# PROBLEM DESCRIPTION:
If an entry holds a picture, drop the picture but restate the entry word for word.

# Image-caption web data:
======

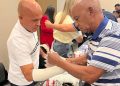 Técnicos del Hospital Darío Contreras reciben entrenamiento en Colombia sobre nuevos métodos de enyesado y manejo de fracturas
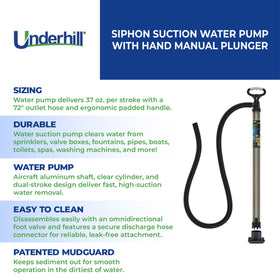 Underhill MudGuard system in the Big Gulp Pro keeps debris out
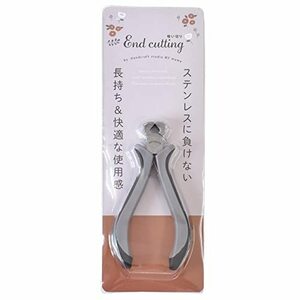 MYmama アクセサリー 工具 手芸 エンドニッパー 喰切 平刃 エンドカッター 小型（喰い切り）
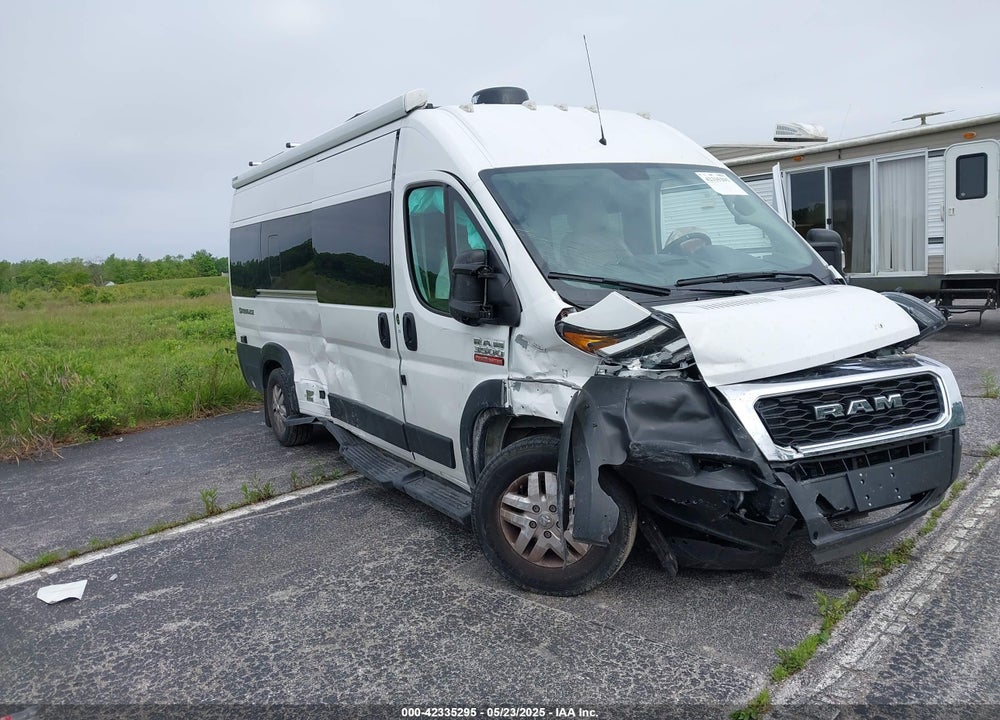 2022 RAM PROMASTER 3500 VIN: 3C6MRVUG6ME542798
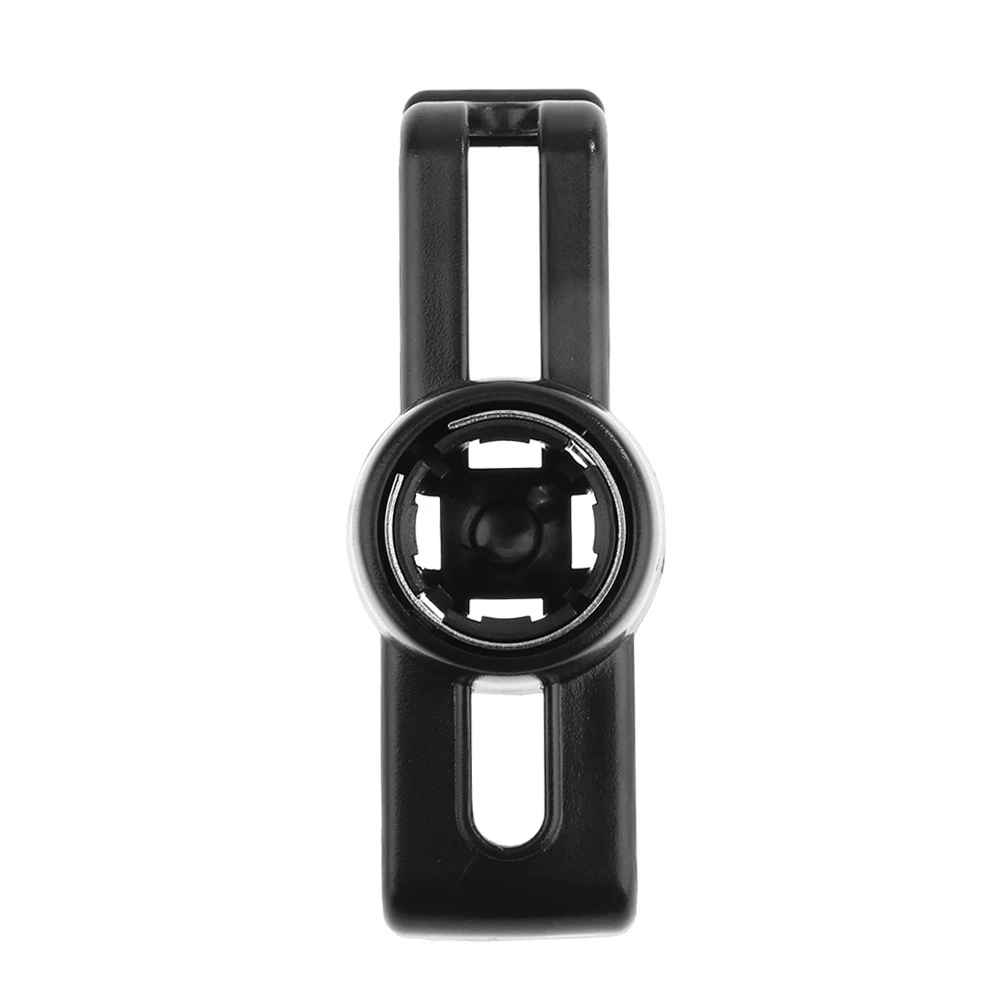 Garmin Nuvi 1200 1250 1255 1300 1310 1350 1355 1375 GPS 스탠드 도구 용 블랙 교체 GPS 브래킷 핸들 바 레일 마운트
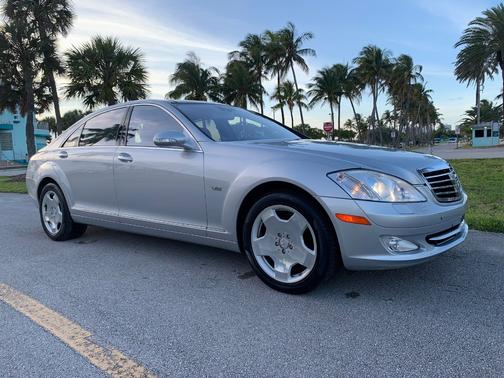 Silver 2007 Mercedes-Benz S-Class S 600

======

# SOLUTION:
 Técnicos del Hospital Darío Contreras reciben entrenamiento en Colombia sobre nuevos métodos de enyesado y manejo de fracturas
 Underhill MudGuard system in the Big Gulp Pro keeps debris out
 MYmama アクセサリー 工具 手芸 エンドニッパー 喰切 平刃 エンドカッター 小型（喰い切り）
 2022 RAM PROMASTER 3500 VIN: 3C6MRVUG6ME542798
 Garmin Nuvi 1200 1250 1255 1300 1310 1350 1355 1375 GPS 스탠드 도구 용 블랙 교체 GPS 브래킷 핸들 바 레일 마운트
 Silver 2007 Mercedes-Benz S-Class S 600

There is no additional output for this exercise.